Stratospheric Aerosol Plumes

Abstract Aerosol eruption plumes in the tropical lower stratosphere appear to rise whereas extra‐tropical plumes do not. We show that this occurs because the Brewer‐Dobson transport circulation is upward in the tropics, and the circulation lifts the tropical aerosol plumes. We compute the tropical upward transport circulation from periodic rising tropical water vapor anomalies. Using the Stratospheric Water and OzOne Satellite Homogenized water‐vapor database, we estimate that the 2005–2022 average tropical transport velocity is ∼0.2–0.3 mm/s at 20 km increasing to ∼0.5 mm/s at 26 km.
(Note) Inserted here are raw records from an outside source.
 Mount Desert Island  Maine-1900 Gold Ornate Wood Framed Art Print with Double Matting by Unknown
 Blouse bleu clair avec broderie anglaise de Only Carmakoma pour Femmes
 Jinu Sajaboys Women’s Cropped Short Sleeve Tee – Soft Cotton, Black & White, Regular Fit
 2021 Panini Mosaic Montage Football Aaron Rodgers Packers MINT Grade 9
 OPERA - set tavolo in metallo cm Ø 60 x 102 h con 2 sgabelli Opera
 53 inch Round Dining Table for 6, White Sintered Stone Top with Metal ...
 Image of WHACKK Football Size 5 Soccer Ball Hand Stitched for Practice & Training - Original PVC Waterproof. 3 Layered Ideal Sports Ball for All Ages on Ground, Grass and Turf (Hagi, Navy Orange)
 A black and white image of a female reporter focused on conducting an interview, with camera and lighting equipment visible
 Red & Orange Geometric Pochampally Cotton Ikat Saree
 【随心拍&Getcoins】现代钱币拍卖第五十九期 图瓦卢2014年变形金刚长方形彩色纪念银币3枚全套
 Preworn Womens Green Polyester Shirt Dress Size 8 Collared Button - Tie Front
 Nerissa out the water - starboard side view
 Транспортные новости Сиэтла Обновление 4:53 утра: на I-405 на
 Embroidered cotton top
The aerosol plumes rise at a slower rate. The difference between the water vapor‐based transport velocity and the aerosol plume rise rate is likely the result of aerosol gravitational settling. To test this hypothesis, we focus on two tropical volcanic eruption plumes, Ambae (mid‐2018) and Ulawun (mid‐2019). Using a simple estimate of the volcanic plume rise, we estimate the aerosol settling velocity. From the settling velocity, we compute median aerosol radius for both Ambae and Ulawun to be ∼0.2 ± 0.08 μm. Using multi‐wavelength extinction ratio methods, we estimate the plume median radius to be ∼0.15 ± 0.01 μm which is consistent with other estimates of the Ambae and Ulawun aerosol median radii. Within their uncertainty, the settling and extinction ratio size estimates are in agreement.